## ACTION ITEM
Could you write out the whole listing exactly as it appears?
Segment Start: PROVIDED DATA
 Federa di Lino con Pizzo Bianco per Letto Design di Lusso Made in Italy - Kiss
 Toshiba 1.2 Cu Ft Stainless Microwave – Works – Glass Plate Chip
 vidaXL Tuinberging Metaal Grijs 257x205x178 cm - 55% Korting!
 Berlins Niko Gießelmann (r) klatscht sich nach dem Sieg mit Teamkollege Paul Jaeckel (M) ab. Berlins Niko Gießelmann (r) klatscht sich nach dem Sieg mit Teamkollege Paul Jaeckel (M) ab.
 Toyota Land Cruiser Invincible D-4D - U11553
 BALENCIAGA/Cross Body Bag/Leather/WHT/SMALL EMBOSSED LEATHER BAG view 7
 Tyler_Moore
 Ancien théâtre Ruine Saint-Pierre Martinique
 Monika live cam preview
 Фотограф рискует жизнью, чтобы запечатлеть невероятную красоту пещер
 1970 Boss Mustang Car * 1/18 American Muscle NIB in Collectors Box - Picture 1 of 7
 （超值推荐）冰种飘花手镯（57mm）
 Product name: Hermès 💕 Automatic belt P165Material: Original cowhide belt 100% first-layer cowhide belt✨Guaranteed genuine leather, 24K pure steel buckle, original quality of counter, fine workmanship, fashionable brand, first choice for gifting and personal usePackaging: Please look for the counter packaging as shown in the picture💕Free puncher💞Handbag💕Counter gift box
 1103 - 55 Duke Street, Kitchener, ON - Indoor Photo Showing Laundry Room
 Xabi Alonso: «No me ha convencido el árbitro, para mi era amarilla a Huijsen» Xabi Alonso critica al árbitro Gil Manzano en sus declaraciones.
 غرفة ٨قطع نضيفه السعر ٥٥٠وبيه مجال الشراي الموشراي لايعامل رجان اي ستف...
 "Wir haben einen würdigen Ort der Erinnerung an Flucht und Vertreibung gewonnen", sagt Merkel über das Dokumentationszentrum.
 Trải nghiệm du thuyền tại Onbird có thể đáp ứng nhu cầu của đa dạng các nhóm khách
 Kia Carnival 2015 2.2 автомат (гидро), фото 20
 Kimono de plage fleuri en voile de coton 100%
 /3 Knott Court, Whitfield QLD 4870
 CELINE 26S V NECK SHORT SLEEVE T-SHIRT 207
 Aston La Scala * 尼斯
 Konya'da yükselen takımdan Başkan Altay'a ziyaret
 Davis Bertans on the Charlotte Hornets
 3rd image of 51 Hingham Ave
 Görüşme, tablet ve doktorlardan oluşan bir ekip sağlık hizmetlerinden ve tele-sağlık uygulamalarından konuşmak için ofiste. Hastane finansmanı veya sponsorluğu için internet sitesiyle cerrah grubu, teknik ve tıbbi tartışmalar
Segment End: PROVIDED DATA
## RESULT BELOW
 Federa di Lino con Pizzo Bianco per Letto Design di Lusso Made in Italy - Kiss
 Toshiba 1.2 Cu Ft Stainless Microwave – Works – Glass Plate Chip
 vidaXL Tuinberging Metaal Grijs 257x205x178 cm - 55% Korting!
 Berlins Niko Gießelmann (r) klatscht sich nach dem Sieg mit Teamkollege Paul Jaeckel (M) ab. Berlins Niko Gießelmann (r) klatscht sich nach dem Sieg mit Teamkollege Paul Jaeckel (M) ab.
 Toyota Land Cruiser Invincible D-4D - U11553
 BALENCIAGA/Cross Body Bag/Leather/WHT/SMALL EMBOSSED LEATHER BAG view 7
 Tyler_Moore
 Ancien théâtre Ruine Saint-Pierre Martinique
 Monika live cam preview
 Фотограф рискует жизнью, чтобы запечатлеть невероятную красоту пещер
 1970 Boss Mustang Car * 1/18 American Muscle NIB in Collectors Box - Picture 1 of 7
 （超值推荐）冰种飘花手镯（57mm）
 Product name: Hermès 💕 Automatic belt P165Material: Original cowhide belt 100% first-layer cowhide belt✨Guaranteed genuine leather, 24K pure steel buckle, original quality of counter, fine workmanship, fashionable brand, first choice for gifting and personal usePackaging: Please look for the counter packaging as shown in the picture💕Free puncher💞Handbag💕Counter gift box
 1103 - 55 Duke Street, Kitchener, ON - Indoor Photo Showing Laundry Room
 Xabi Alonso: «No me ha convencido el árbitro, para mi era amarilla a Huijsen» Xabi Alonso critica al árbitro Gil Manzano en sus declaraciones.
 غرفة ٨قطع نضيفه السعر ٥٥٠وبيه مجال الشراي الموشراي لايعامل رجان اي ستف...
 "Wir haben einen würdigen Ort der Erinnerung an Flucht und Vertreibung gewonnen", sagt Merkel über das Dokumentationszentrum.
 Trải nghiệm du thuyền tại Onbird có thể đáp ứng nhu cầu của đa dạng các nhóm khách
 Kia Carnival 2015 2.2 автомат (гидро), фото 20
 Kimono de plage fleuri en voile de coton 100%
 /3 Knott Court, Whitfield QLD 4870
 CELINE 26S V NECK SHORT SLEEVE T-SHIRT 207
 Aston La Scala * 尼斯
 Konya'da yükselen takımdan Başkan Altay'a ziyaret
 Davis Bertans on the Charlotte Hornets
 3rd image of 51 Hingham Ave
 Görüşme, tablet ve doktorlardan oluşan bir ekip sağlık hizmetlerinden ve tele-sağlık uygulamalarından konuşmak için ofiste. Hastane finansmanı veya sponsorluğu için internet sitesiyle cerrah grubu, teknik ve tıbbi tartışmalar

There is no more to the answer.